The Ghana Standards Authority (GSA) has shut down two plastic producing companies which are owned by some Chinese nationals.
The companies which were shut down after a swoop exercise by the GSA failed to meet regulatory standards.
The factories which are both operating without the required license are located at Sakaman near Dansoman.
The GSA explained that the factories were also located in residential areas despite the law prohibiting their operations in such places.
The companies are Zheng Hua Feng Limited and L.W.W Waste Plastics Recycling Company Limited
Zheng Hua Feng shares a compound with a church and some houses, posing a huge risk to the workers and residents around because of its heavy wiring and poor ventilation which could easily lead to a fire outbreak.
George Kojo Anti , the Business Development Manager of the GSA in an interview News said that the authority has initiated measures to ensure that they were visible countrywide to check some of these irregularities.
He explained that GSA staff did undercover shopping from companies they suspected were not acting in accordance with the law.
According to him, the items are later tested to find out the standard of quality.
“It is by this act that we have discovered the operations of these companies.
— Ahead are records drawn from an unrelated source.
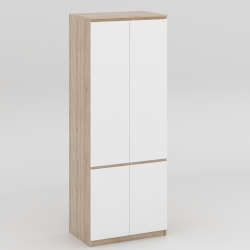 Шкаф Стиль-80 211х80х52 cм KOD- ШК-80 стиль (белый фасад)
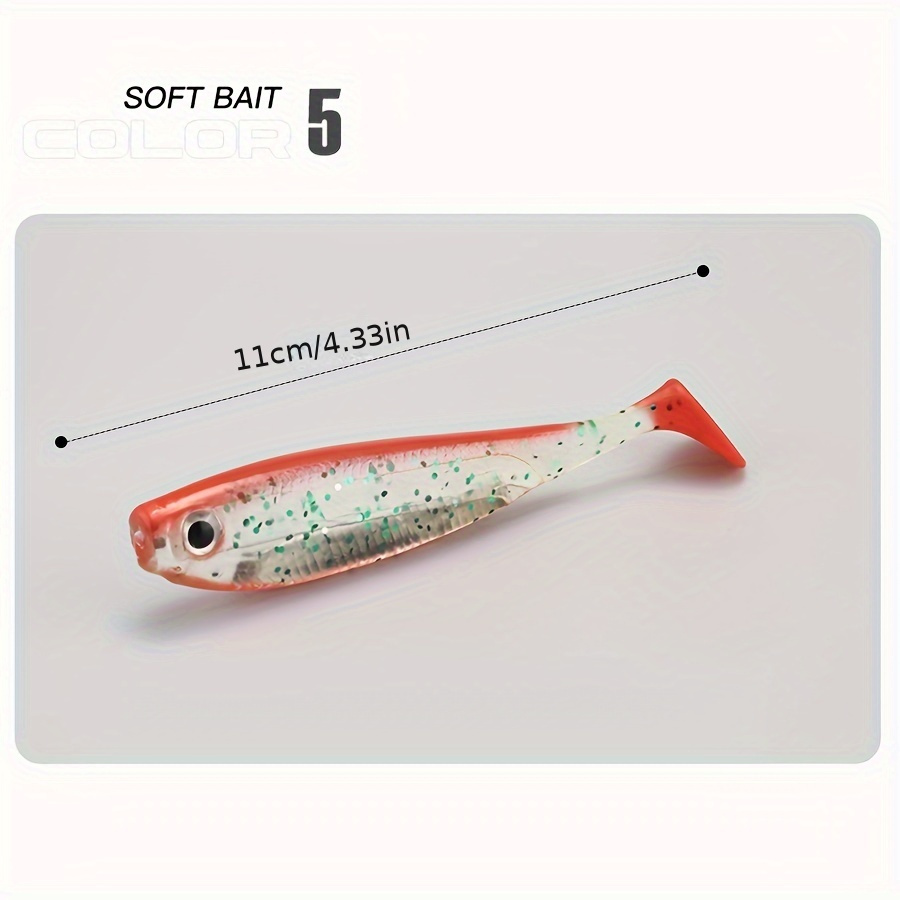 Hollow Pulp Tail Rainbow Fishing Lure Bait Curling Tail - Temu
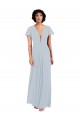 Buy Deep V-Neckline Chiffon Bridesmaid Dress with Flutter Sleeves UK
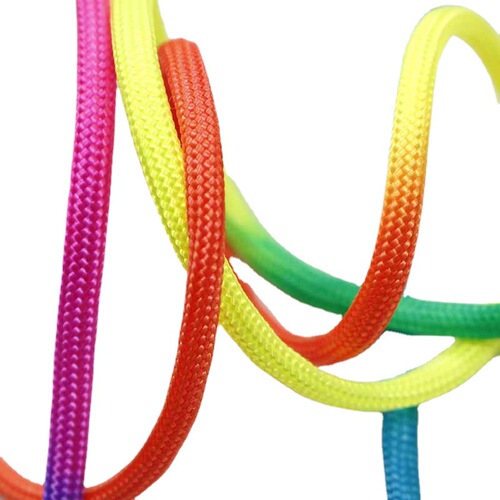 Supply of seven-core parachute rope, polyester section-dyed colorful parachute rope, sports outdoor parachute rope, rainbow rope with complete specifications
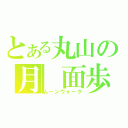 とある丸山の月　面歩行（ムーンウォーク）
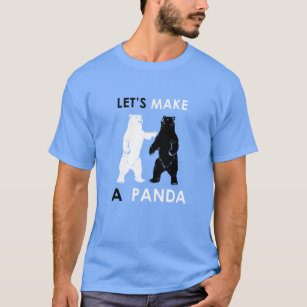 Hagamos una camisa de la panda el oso polar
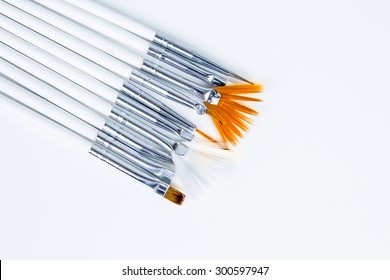 Different Nail Art Brushes 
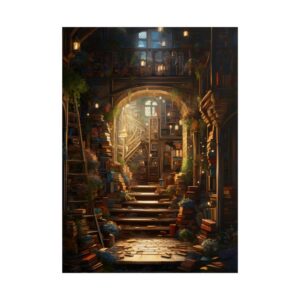 Magical Bookshop: Cozy Artwork of a Charming Bookshop - Poster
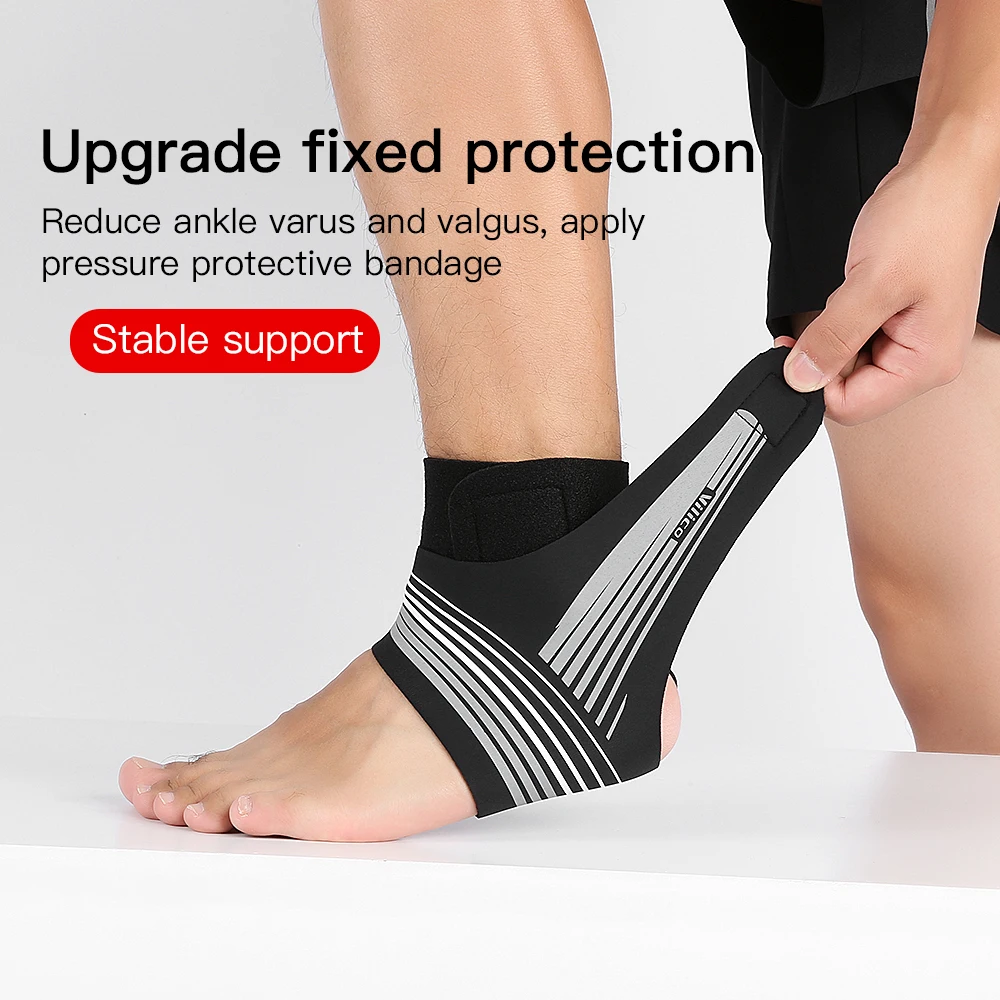 Kyncilor Multi Scenario Sports Ankle Support With Elastic Breathable Adjustable Compression Protection For Ankle Protection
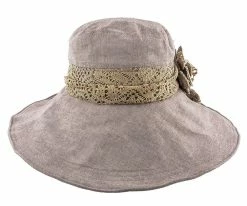 Wide N' Soft - Jeanne Simmons Mocha Poly Wide Brim Hat - 4006 Men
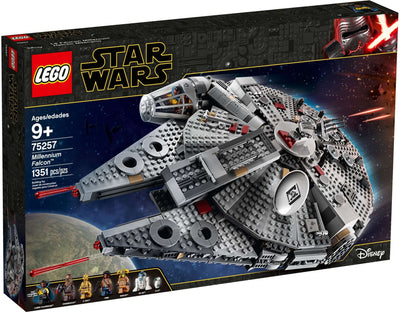 LEGO Star Wars 75257 Millennium Falcon front box art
Our immediate action is to shut them down and hand over the evidence we have on them to the police for subsequent prosecution if the need arises”.
Further interrogation showed that workers at both companies earn very little, some as low as 10 cedis 65 pesewas per day.
George Kofi Anti revealed that one of the owners of the factories has previously been caught operating a similar illegal business under a different company name.
He explains that no such company will go unpunished.
He said the authority’s action was in line with the Standards Act NRCD 173, which mandates the GSA to prohibit the sale of any goods that are not fit for the country.
He added that the country was open for legitimate business and that any organizations that flouted the laws of the country would face the full rigors of the law.
“We are not against companies operating in the country, we only want to make it clear that in order to operate any kind of business in this country it must be one that is within the law because going contrary to the law will result in serious sanctions”.